■ Exercise objective
Return, word for word, the lines of the listing below from the one with "Purple Taper Candles, LARGE" through the one with "Art Nouveau table", and no other lines.

■ Records for processing
- - - - - - -
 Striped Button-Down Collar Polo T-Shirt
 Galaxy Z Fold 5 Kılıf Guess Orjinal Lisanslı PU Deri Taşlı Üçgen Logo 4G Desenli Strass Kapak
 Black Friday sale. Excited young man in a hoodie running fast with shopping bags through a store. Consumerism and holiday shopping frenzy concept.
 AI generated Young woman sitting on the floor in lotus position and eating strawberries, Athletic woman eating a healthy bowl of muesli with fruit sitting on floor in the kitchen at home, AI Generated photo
- - - - - - -
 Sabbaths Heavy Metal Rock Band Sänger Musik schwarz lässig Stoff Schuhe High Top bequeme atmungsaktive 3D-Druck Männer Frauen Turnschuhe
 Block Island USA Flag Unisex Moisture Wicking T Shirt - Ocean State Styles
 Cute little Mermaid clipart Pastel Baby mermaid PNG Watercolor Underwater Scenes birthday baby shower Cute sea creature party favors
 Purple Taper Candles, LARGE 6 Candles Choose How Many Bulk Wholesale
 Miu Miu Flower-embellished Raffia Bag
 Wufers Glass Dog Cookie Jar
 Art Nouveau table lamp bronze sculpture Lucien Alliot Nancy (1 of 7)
- - - - - - -
■ Task solution
 Purple Taper Candles, LARGE 6 Candles Choose How Many Bulk Wholesale
 Miu Miu Flower-embellished Raffia Bag
 Wufers Glass Dog Cookie Jar
 Art Nouveau table lamp bronze sculpture Lucien Alliot Nancy (1 of 7)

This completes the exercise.